This summer I decided it was about time I read the eponymous novel, the original Frankenstein, by Mary Shelley. Surely I've seen a Frankenstein movie or two, but honestly, I remembered very little from them. In fact, I didn't even remember that Frankenstein is the scientist, not the monster (blush!). So Frankenburgers are Frankenburgers because of their Frankenstein-like designers. The monster actually has no name.
Speaking of the monster, his travails are the book's biggest surprise. I always assumed he was innately monstrous, and the scientist was supposed to be fully to blame for the terrible outcome--the monster's murderous rampage. When we tinker with nature, there's hell to pay--that was (I assumed) the message. But no, no, no! The monster is actually born innocent! He seems dangerous when he first opens his eyes. Frankenstein recounts--
It was already one in the morning; the rain pattered dismally against the panes, and my candle was nearly burnt out, when, by the glimmer of the half-extinguished light, I saw the dull yellow eye of the creature open; it breathed hard, and a convulsive motion agitated its limbs ... Oh! no mortal could support the horror of that countenance. A mummy again endued with animation could not be so hideous as that wretch. I had gazed on him while unfinished; he was ugly then; but when those muscles and joints were rendered capable of motion, it became a thing such as even Dante could not have conceived.OK, so the monster is hideous. But we later find out that he's completely innocent, and in fact kind, sensitive, and a lover of virtue. Frankenstein cleverly runs out of his apartment in horror, not bothering to lock the door. The monster leaves and makes his way to the country, hiding in a hovel from which he observes a family who live in a small hut.

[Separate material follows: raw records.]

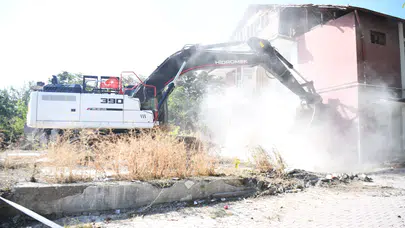 Yeşilyurt’ta Risk Oluşturan Metruk Bina Yıkıldı..!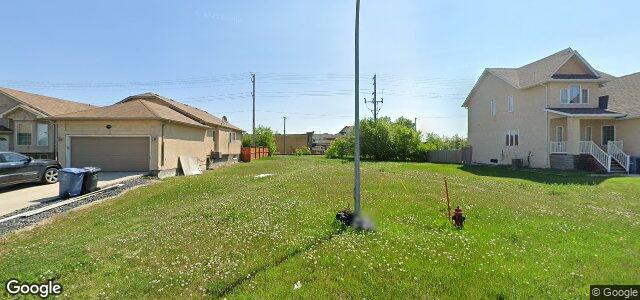 Larawan ng 184 Shore Street sa Winnipeg, Manitoba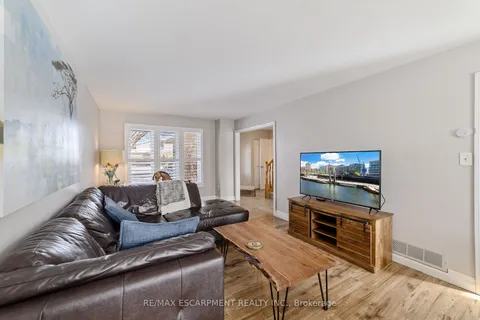 161 TWIN Cres, Hamilton, ON L9B 0H7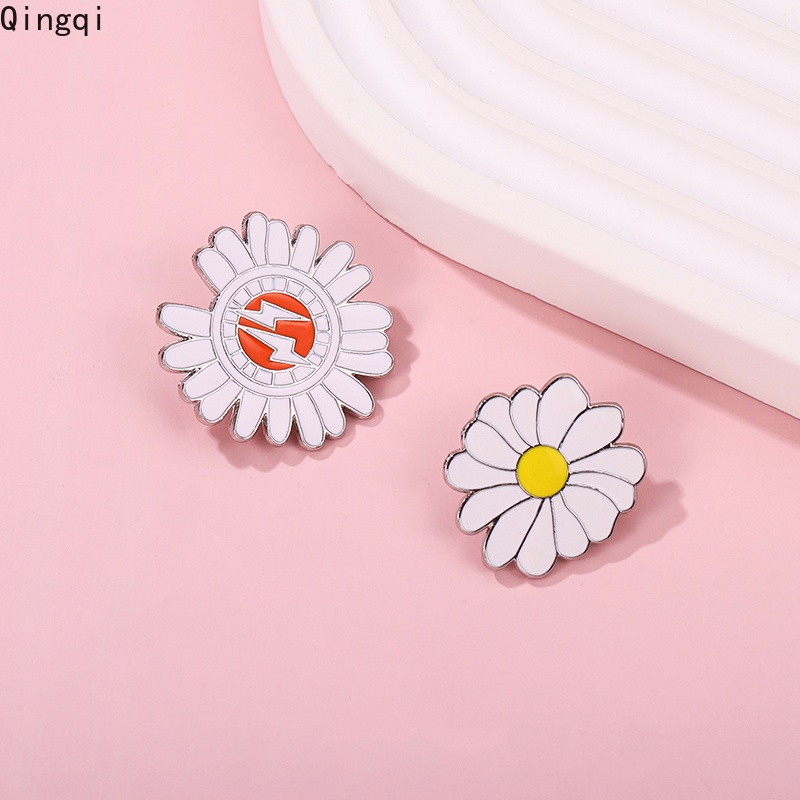 Bros Pin Enamel Bentuk Bunga Matahari Warna Putih Untuk Hadiah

He becomes their secret angel, bringing them firewood and food. He loves the good he sees in them, and longs for their society. Knowing he's a horror to look at, he first introduces himself to the blind old father of the family, but sadly, others come home before he's secured the old man's friendship, and they all turn on him. The same thing happens when he makes a second attempt to bond with human beings--his kindness is repaid with cruelty because he's so hideous. This is what makes him seek revenge against Frankenstein, not any innate monstrosity. And we even learn, at the end of the book, that he never enjoyed killing off Frankenstein's loved ones.
The moral of the story is not just that Frankenstein got carried away in his laboratory. Yes, he did, but the message is not "scientific over-reaching makes monstrosity"; the message is "scientific over-reaching PLUS human prejudice makes monstrosity." Without the prejudice, there wouldn't have been any monstrosity. The world would have just had one more citizen, a humanoid fashioned out of dead parts, and not nice to look at, but sociable, and good, and virtuous.
The real message of Frankenstein, then, is "watch out for unbounded science" and "watch out for prejudice." If the new cultured beef burgers are "Frankenfood" that doesn't mean they're inherently problematic (if you appreciate the prefix in the context of the novel). They could be all to the good, and we could just be prejudiced against them.
Now, it would be nice to end this little foray into 19th century horror fiction with a "hip hip hooray!" for cultured beef burgers. A nice, clear conclusion would be "We should drop our prejudices against lab meat and welcome the cultured beef burger. After all, they certainly have many advantages--they can fulfill the human desire for meat while causing no animal suffering and using up far fewer resources. Yay!" Unfortunately, I'm about to take a hair-pin turn here. Prejudice is bad, and maybe we do feel prejudiced against lab meat. But is our negative reaction to lab meat mere prejudice?
Another book I've been reading this summer is Cooked, by Michael Pollan. This is a wonderful book on many levels--especially for people who love to cook. Pollan is a great writer on what you might call the "meaning" of food. He writes about what we want from food, what we value about it. Reading Pollan, you start to realize that we want certain sensations from food, certain tastes, but we want much more. When we eat, we want to have various thoughts and associations. Some desirable thoughts (not all consistent with each other) are--
- This is homemade.
- We made this together.
- The ingredients grew from the soil, under the sun.
- I am eating what my friends and family are eating.
- I am eating what they eat, so finding out about their culture.
- This reminds me of the sea.
- People have been eating this way for thousands of years.
- The way I eat is like the way wild animals eat.
- This is artistic.
Puzzle: how is it that food can have good Pollanesque associations if you know it comes from the bodies of formerly living animals, who were killed so you could eat? Pollan's book is quite unapologetically meaty. Joy of eating, for him, doesn't preclude killing. That, in itself, is food for thought.